Windows WSL (Ubuntu):

sudo apt update
sudo apt install python3 python3-pip python3-venv

Windows Native:

# Option 1: Official installer from python.org
# Download Python 3.12+ from <https://python.org>

# Option 2: Using winget (Windows Package Manager)
winget install -e --id Python.Python.3.12

Mac:

# Option 1: Using Homebrew (recommended)
# First install Homebrew from <https://brew.sh>
brew install python3

# Option 2: Official installer from python.org
# Download Python 3.12+ from <https://python.org>

Verify Installation:

python3 --version
# Should show: Python 3.12.x (or similar)

Text Editor Options

You'll need a good text editor to write Python code. Here are your options:

Visual Studio Code (Recommended):

Other Options:

Why VS Code?

IDE Choice Guidance

VS Code strikes the perfect balance between simplicity and power. It's what most professional data scientists use, and it's what we'll use in this course.

Starting with GitHub

Creating Your GitHub Account

Reference:

  1. Go to github.com
  2. Sign up with your UCSF email (or personal email)
    • Use your actual UCSF email so I can find you, or not
    • You can always add/remove email addresses later
  3. Choose a professional username (you'll use this for years!)
  4. Verify your email address

Username Tips:

GitHub Student Pack (Optional Bonus) With your .edu email, you can get free premium features. We don't need them for class, but they're nice to have!

Setting Up Git in VS Code

  1. Install VS Code (if not already done)
  2. Open VS Code → View → Source Control (or Ctrl+Shift+G)
  3. If first time: VS Code will prompt to configure Git username/email

Git configuration (one-time setup):

DON'T USE YOUR REAL EMAIL IN GIT CONFIG

You don't want to put your email all over the public internet, so GitHub provides a proxy service. You can see the proxy email address in your GitHub email settings https://github.com/settings/emails.

GitHub Email Setup

Setting up Git in the Command Line

(Shouldn't be necessary if already done through VS Code)

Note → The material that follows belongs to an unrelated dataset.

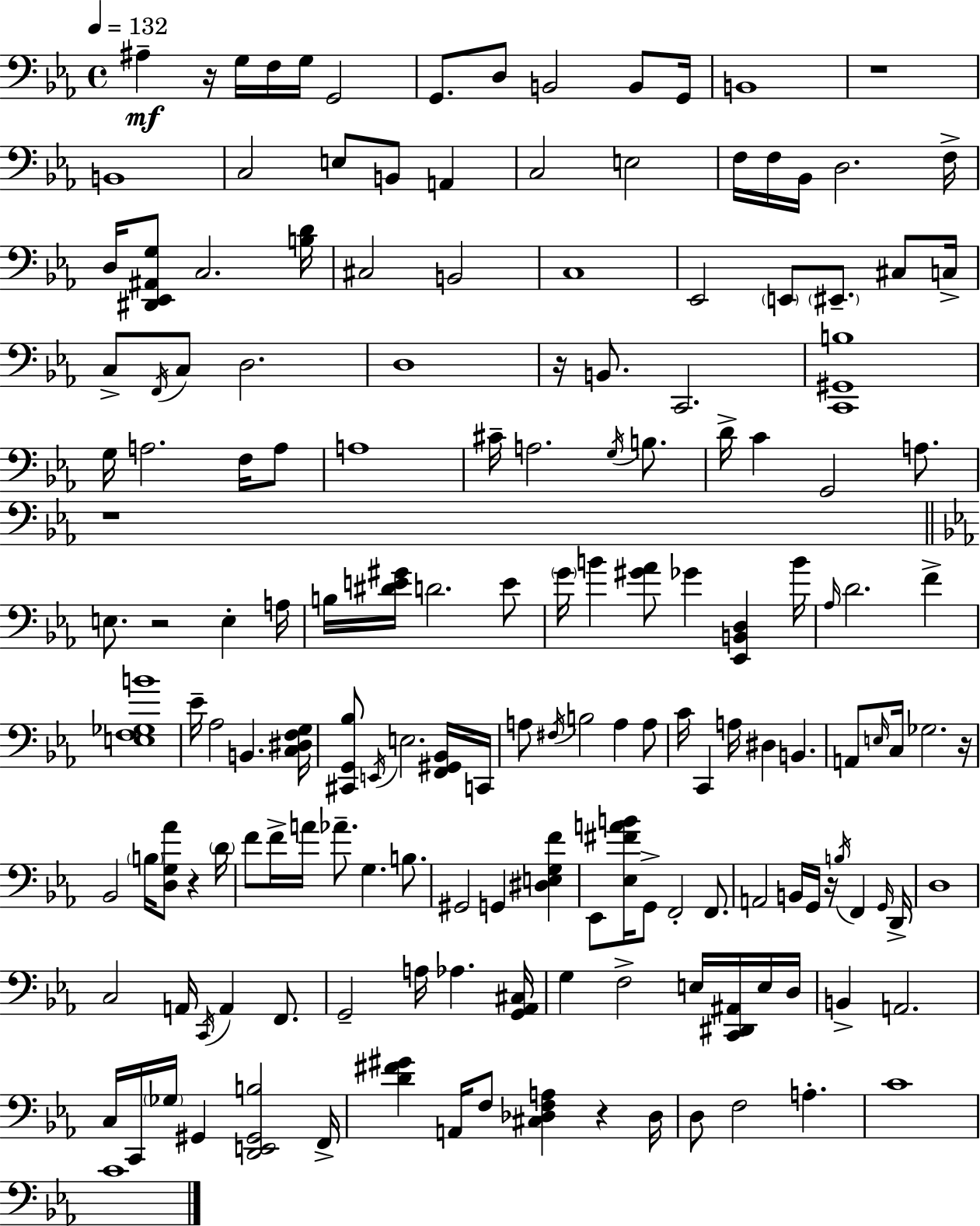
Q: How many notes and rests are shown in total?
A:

git config --global user.name "<YOUR NAME>"
git config --global user.email "<YOUR GITHUB PROXY EMAIL>"

LIVE DEMO!

Setting up

Why Both Python and Command Line?

You might wonder: "Why do I need to learn two things at once?" Here's the reality - professional data scientists constantly switch between Python scripts and command line operations. You'll write Python to analyze data, then use command line to organize files, run scripts, and manage projects.

It's like being bilingual in the data world. Python speaks to your data, command line speaks to your computer.

Command Line Essentials

What is the Command Line?

The command line is your direct conversation with your computer. Instead of clicking icons, you type commands. Why? Because it's faster, more precise, and works exactly the same way on every computer.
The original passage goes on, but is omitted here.